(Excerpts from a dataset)
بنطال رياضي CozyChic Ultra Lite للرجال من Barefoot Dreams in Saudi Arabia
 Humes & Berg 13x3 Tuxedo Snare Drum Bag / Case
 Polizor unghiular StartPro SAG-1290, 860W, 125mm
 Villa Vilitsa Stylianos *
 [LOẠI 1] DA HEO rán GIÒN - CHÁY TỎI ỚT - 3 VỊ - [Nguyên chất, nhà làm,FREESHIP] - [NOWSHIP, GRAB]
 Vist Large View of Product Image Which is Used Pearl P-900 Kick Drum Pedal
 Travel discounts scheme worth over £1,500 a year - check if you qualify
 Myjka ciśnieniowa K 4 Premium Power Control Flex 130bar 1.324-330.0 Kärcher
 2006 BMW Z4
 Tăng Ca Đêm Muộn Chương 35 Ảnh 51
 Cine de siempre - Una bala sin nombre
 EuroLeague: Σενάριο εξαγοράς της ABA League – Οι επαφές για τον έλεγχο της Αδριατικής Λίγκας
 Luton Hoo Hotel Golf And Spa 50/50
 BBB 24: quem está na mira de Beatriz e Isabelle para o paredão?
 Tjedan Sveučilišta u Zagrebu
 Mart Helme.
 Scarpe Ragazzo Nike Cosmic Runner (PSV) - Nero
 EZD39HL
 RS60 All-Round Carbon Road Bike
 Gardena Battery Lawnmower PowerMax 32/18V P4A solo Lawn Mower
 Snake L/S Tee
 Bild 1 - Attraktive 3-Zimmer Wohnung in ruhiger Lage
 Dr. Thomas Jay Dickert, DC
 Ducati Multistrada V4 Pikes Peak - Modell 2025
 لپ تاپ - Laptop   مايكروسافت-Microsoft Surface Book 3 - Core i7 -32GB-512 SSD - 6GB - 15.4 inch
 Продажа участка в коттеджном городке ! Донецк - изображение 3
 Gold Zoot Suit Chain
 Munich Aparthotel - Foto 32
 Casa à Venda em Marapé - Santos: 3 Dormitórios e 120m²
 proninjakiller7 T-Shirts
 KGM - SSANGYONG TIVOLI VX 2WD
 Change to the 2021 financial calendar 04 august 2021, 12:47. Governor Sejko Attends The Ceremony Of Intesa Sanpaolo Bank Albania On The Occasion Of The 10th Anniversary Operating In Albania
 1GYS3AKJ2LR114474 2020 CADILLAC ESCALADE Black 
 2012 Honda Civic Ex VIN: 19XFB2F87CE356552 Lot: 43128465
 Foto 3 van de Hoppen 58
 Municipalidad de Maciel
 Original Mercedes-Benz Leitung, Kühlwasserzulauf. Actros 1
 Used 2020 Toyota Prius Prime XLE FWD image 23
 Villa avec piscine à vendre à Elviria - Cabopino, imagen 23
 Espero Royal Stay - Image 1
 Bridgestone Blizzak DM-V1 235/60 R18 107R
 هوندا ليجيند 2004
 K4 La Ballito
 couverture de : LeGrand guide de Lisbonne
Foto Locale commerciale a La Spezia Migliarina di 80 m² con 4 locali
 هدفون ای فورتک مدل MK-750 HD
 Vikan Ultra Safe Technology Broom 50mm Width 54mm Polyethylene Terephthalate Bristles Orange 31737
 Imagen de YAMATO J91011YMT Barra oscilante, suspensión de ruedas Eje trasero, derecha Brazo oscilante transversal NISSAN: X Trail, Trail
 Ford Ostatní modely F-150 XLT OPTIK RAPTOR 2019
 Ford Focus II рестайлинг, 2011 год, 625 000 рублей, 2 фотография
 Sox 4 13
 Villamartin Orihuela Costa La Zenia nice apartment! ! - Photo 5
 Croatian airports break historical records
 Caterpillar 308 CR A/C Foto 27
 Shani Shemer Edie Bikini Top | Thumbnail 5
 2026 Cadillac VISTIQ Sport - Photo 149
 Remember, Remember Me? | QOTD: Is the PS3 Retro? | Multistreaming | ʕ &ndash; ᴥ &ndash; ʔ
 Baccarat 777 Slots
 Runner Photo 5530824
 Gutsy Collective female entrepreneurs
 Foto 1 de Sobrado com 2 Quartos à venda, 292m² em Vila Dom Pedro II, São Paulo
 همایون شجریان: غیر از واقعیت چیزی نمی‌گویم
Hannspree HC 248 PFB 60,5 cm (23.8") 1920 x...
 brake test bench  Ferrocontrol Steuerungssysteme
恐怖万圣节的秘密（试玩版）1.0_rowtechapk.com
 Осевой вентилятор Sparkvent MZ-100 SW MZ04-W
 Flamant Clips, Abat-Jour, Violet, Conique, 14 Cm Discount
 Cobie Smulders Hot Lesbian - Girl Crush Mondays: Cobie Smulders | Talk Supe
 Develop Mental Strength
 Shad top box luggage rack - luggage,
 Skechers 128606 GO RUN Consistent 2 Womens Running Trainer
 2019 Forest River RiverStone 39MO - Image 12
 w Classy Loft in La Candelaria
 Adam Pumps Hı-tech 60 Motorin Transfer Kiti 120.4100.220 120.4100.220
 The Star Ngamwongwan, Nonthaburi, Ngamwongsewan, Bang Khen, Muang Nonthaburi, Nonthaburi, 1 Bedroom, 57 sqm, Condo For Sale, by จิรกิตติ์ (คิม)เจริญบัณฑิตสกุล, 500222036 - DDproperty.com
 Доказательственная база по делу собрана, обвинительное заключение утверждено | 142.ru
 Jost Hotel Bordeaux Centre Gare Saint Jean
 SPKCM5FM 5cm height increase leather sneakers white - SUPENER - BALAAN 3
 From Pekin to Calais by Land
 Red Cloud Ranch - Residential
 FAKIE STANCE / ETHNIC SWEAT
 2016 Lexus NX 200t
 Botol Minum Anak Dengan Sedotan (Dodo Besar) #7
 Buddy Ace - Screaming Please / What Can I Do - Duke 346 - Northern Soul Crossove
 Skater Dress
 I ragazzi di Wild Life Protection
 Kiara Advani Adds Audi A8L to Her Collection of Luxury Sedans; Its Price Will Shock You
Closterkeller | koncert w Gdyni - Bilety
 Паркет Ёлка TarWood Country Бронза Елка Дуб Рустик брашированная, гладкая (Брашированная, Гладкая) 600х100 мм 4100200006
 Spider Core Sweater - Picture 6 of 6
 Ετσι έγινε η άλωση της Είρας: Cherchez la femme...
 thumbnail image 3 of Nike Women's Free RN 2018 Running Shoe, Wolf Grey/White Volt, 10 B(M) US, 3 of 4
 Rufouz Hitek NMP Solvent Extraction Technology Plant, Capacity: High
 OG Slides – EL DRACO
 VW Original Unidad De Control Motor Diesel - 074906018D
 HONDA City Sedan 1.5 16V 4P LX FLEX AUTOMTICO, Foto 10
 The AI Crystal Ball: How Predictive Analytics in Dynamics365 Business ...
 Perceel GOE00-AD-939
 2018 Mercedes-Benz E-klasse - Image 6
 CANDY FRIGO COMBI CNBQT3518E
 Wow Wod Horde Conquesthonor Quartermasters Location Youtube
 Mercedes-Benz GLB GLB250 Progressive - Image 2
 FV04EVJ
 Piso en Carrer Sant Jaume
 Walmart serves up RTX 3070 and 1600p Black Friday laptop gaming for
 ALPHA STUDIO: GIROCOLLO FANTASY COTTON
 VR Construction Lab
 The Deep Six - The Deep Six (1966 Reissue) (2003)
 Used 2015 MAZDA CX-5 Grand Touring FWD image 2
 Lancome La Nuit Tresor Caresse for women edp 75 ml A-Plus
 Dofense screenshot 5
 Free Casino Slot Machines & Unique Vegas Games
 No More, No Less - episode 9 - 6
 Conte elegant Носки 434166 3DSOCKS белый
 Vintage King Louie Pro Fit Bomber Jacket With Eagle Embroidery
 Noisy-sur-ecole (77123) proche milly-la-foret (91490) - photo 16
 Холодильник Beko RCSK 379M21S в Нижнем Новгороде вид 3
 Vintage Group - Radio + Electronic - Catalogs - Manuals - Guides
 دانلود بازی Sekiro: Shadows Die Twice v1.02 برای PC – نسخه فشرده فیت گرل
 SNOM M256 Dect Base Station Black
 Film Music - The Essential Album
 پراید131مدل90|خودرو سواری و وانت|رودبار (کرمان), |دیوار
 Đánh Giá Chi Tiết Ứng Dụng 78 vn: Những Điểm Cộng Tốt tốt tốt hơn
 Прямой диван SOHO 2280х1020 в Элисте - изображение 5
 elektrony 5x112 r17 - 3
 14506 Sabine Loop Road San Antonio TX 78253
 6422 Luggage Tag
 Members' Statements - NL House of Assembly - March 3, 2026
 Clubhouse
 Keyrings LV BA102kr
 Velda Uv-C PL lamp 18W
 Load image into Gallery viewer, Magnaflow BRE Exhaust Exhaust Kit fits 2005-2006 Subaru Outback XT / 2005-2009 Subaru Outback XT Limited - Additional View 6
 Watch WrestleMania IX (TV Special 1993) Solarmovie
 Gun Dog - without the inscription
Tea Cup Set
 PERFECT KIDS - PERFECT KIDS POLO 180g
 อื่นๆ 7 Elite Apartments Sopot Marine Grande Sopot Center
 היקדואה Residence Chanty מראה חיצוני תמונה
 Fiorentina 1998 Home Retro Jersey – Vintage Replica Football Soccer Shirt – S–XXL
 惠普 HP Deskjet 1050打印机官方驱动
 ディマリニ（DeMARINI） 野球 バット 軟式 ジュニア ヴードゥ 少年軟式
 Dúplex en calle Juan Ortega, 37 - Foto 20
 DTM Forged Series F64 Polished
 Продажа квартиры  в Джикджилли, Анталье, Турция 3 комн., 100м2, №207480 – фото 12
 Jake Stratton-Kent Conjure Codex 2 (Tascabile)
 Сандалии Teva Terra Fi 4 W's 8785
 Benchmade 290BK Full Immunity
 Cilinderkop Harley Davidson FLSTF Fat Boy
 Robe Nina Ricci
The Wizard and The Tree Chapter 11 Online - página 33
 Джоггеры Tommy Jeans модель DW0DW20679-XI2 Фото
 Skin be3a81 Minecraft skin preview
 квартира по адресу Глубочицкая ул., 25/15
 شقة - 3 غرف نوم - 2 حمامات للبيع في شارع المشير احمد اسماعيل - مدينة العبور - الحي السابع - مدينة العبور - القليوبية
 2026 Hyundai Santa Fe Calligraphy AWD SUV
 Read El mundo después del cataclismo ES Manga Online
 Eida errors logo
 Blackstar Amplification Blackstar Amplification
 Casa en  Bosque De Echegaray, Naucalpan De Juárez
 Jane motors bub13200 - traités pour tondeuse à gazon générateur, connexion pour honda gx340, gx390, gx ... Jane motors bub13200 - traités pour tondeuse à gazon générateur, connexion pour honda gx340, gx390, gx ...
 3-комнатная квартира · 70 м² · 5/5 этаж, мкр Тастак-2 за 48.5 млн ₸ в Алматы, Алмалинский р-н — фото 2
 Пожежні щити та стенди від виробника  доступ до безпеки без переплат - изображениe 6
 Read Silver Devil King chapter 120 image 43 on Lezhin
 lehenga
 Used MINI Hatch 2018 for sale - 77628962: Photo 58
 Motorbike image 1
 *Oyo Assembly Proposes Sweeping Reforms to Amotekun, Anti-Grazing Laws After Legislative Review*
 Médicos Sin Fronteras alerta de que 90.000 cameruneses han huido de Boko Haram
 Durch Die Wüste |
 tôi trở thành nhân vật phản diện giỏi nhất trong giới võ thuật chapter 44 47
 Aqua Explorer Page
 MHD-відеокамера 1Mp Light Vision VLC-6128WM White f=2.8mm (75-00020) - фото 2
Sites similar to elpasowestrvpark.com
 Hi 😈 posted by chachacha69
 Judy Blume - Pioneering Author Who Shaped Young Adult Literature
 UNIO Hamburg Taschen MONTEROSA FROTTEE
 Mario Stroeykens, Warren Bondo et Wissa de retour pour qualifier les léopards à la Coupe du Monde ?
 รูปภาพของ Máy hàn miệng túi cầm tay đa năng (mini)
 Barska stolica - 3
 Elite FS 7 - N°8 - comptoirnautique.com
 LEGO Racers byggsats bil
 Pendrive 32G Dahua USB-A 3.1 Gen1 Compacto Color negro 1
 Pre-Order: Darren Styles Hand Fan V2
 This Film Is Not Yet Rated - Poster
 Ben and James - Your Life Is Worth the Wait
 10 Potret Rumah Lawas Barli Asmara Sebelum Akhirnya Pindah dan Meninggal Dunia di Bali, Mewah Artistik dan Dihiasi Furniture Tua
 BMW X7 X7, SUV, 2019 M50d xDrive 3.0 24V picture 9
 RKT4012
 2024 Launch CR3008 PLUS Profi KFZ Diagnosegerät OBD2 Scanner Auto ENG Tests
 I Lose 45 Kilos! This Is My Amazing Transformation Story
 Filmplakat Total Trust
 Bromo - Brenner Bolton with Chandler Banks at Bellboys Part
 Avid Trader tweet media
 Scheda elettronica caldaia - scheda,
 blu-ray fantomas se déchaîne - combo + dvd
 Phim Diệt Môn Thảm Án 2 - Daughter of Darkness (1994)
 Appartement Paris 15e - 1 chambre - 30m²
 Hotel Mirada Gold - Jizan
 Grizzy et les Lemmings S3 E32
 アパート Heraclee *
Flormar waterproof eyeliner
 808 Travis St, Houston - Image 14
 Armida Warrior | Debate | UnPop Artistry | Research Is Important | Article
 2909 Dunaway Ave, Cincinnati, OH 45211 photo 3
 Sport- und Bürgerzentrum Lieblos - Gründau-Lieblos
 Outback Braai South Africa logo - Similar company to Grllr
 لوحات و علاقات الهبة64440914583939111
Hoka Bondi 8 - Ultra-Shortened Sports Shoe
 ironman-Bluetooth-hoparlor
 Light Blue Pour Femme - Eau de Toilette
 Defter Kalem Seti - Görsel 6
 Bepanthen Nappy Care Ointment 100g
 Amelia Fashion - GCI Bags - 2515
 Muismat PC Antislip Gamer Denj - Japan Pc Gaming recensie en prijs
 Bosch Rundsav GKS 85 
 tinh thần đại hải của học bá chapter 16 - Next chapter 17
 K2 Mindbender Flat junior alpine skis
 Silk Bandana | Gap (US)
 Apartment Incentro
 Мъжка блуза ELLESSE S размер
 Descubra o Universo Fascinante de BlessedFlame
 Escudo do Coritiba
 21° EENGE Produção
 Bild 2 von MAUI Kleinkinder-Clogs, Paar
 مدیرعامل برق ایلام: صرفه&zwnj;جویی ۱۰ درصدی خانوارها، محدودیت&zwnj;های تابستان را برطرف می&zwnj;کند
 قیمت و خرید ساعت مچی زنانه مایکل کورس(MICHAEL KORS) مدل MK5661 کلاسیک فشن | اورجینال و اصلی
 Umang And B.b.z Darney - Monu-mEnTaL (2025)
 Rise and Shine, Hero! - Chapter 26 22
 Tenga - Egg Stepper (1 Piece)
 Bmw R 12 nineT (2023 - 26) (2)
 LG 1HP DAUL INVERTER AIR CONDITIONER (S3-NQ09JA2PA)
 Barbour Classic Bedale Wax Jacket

TASK TO CARRY OUT:
Starting from the line holding "tinh thần đại", restate the remaining lines of the data word for word, including the last.

RESULT:
 tinh thần đại hải của học bá chapter 16 - Next chapter 17
 K2 Mindbender Flat junior alpine skis
 Silk Bandana | Gap (US)
 Apartment Incentro
 Мъжка блуза ELLESSE S размер
 Descubra o Universo Fascinante de BlessedFlame
 Escudo do Coritiba
 21° EENGE Produção
 Bild 2 von MAUI Kleinkinder-Clogs, Paar
 مدیرعامل برق ایلام: صرفه&zwnj;جویی ۱۰ درصدی خانوارها، محدودیت&zwnj;های تابستان را برطرف می&zwnj;کند
 قیمت و خرید ساعت مچی زنانه مایکل کورس(MICHAEL KORS) مدل MK5661 کلاسیک فشن | اورجینال و اصلی
 Umang And B.b.z Darney - Monu-mEnTaL (2025)
 Rise and Shine, Hero! - Chapter 26 22
 Tenga - Egg Stepper (1 Piece)
 Bmw R 12 nineT (2023 - 26) (2)
 LG 1HP DAUL INVERTER AIR CONDITIONER (S3-NQ09JA2PA)
 Barbour Classic Bedale Wax Jacket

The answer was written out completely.